At least 17 people have been killed by Russian missile strikes on the south-eastern city of Zaporizhzhia, Ukraine’s defence ministry says.
Dozens more were wounded, and several residential buildings destroyed.
The city is under Ukrainian control, but it is part of a region that Russia says it annexed last month.
Zaporizhzhia has been hit repeatedly in recent weeks, as Russia hits back at urban areas after suffering defeats in the south and north-east of Ukraine.
Parts of the Zaporizhzhia region, including its nuclear power plant – which is around 52km (30 miles) from the city – have been under Russian control since early in the invasion.

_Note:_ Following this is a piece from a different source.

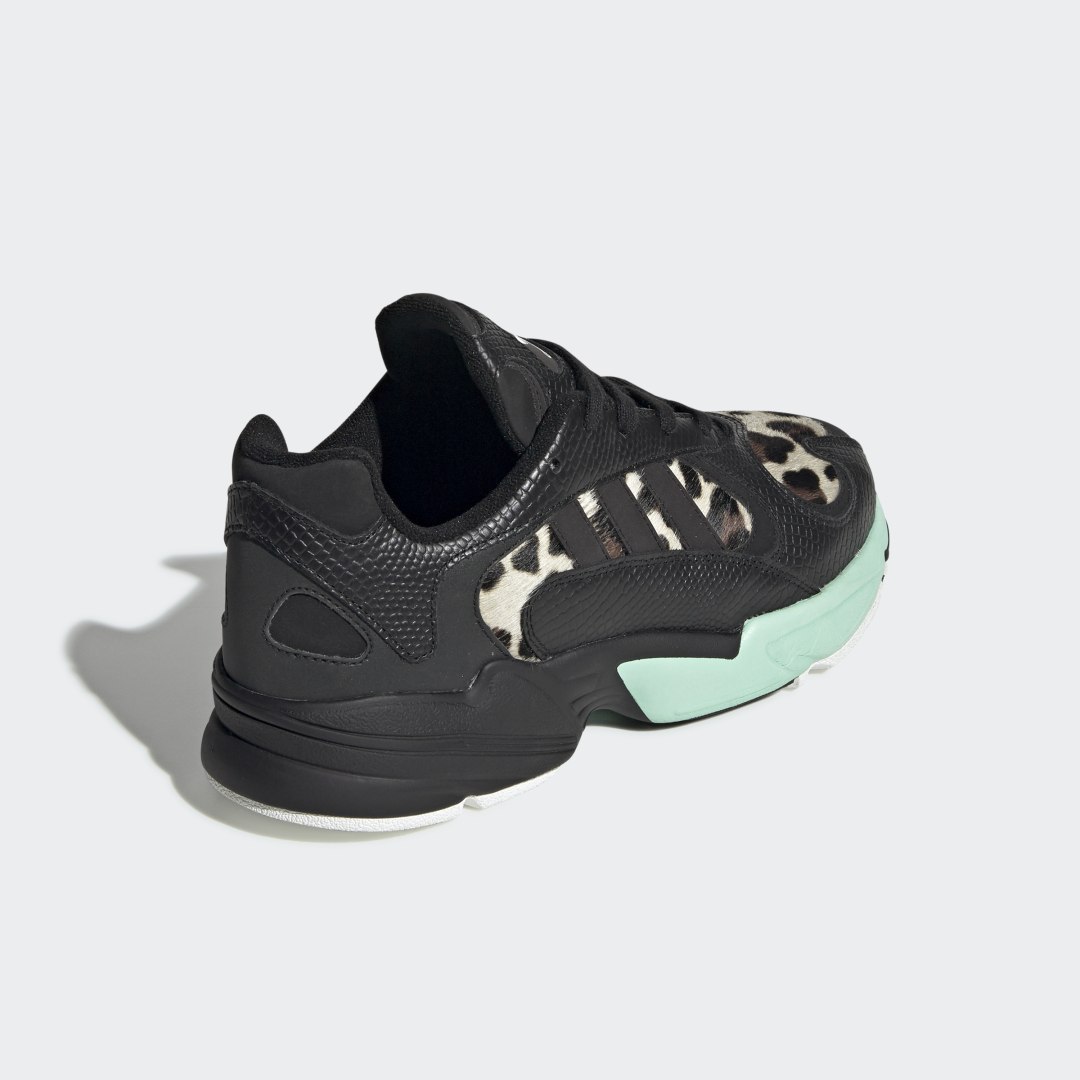Sneakers og sko adidas Originals Yung-1 Sort | FV6448, 1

The BBC’s Paul Adams, who was recently in the city, says the buildings struck are not obvious military targets and the attacks seem entirely indiscriminate.
More than 60 civilians are understood to have been killed in and around Zaporizhzhia in the past nine days.

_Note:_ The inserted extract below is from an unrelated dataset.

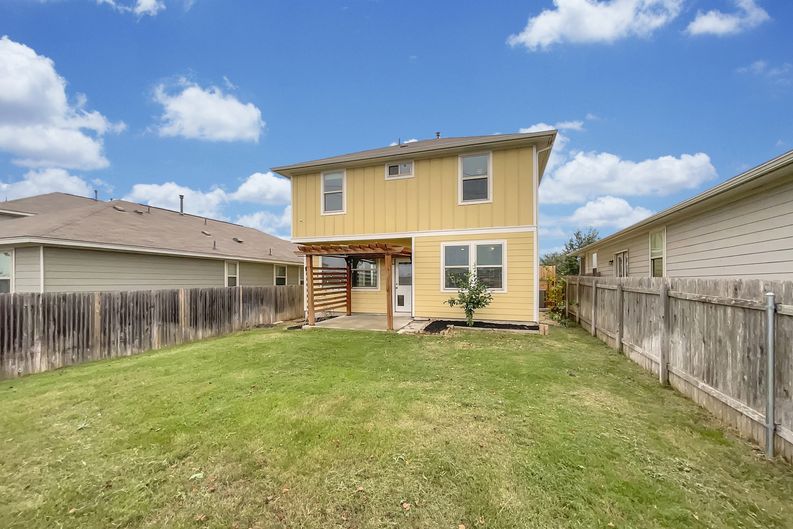 Photo 29 of 34 of 717 Twisted Oaks Ln, Buda, TX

Ukrainian President Zelensky called the shelling “merciless strikes on peaceful people again”.
“Absolute meanness,” he said. “Absolute evil. Savages and terrorists. From the one who gave this order to everyone who fulfilled this order. They will bear responsibility. For sure. Before the law and before people.”

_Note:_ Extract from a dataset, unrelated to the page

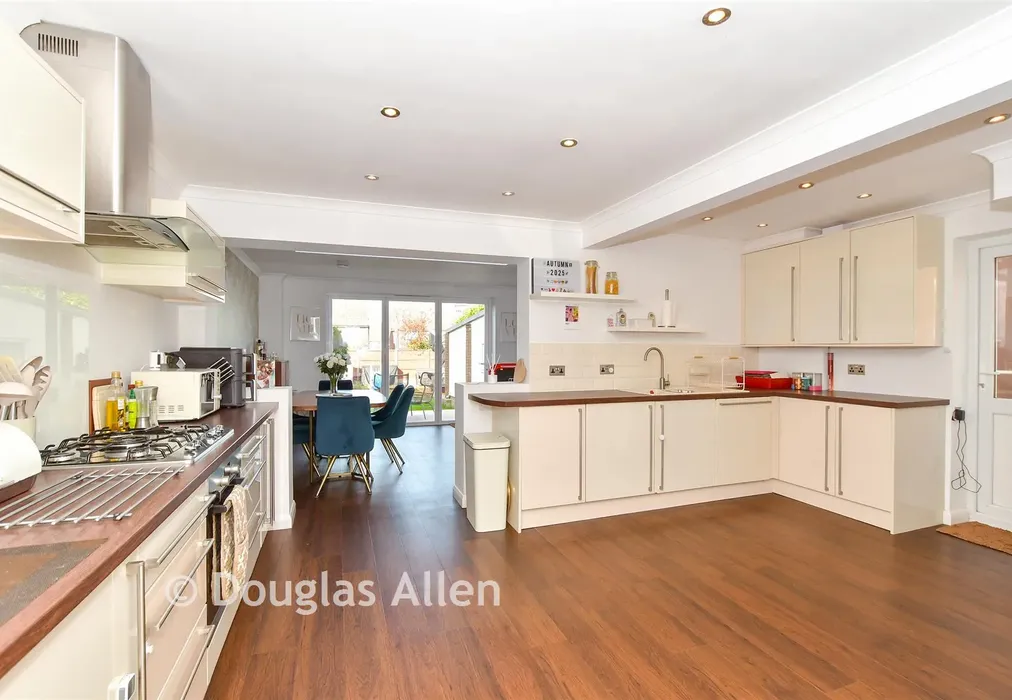 Kitchen - Woodberry Down, Epping, Essex - Wards of Kent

The Ukrainian regional governor in Zaporizhzhia, Oleksandr Starukh, said 12 Russian missiles had partially destroyed a nine-storey building, and levelled five other residential buildings.
“There may be more people under the rubble. A rescue operation is under way at the scene. Eight people have already been rescued,” he said on Telegram.
Survivors of the strikes have spoken of the moment they were woken by the blasts.
Kateryna Ivanova and her family were forced to run to the bathroom as their apartment filled with smoke, she told AFP news agency.
After managing to run into the street to escape the devastation, Ms Ivanova says she was met by a neighbour who “screamed that her husband was dead”.
Another resident, 38-year-old Lyudmyla, told Reuters news agency how she rushed to wake up her children and move them to safety after a “roaring” blast “completely destroyed” the door to her home.
Her 10-year-old son Bohdan described the missile strike as “horrific” and said he was woken by the sound of screaming.
At the plant itself, the head of the International Atomic Energy Agency (IAEA), Rafael Grossi, said on Saturday the security situation had deteriorated further after overnight shelling the previous night cut all external power.
The plant now relies on diesel generators for the electricity it needs for reactor cooling and other essential nuclear safety, Mr Grossi said.
The IAEA is pushing for a protection zone to prevent further damage to the site. Russia and Ukraine have blamed each other for the shelling.
Meanwhile, Russian divers are beginning a fuller examination of the damage done by Saturday’s explosion on the road and rail bridge linking occupied Crimea with Russia.
Though limited traffic has resumed along one lane, a section of the bridge was brought down by the blast.
Security has been tightened and Russian President Vladimir Putin has ordered a full investigation.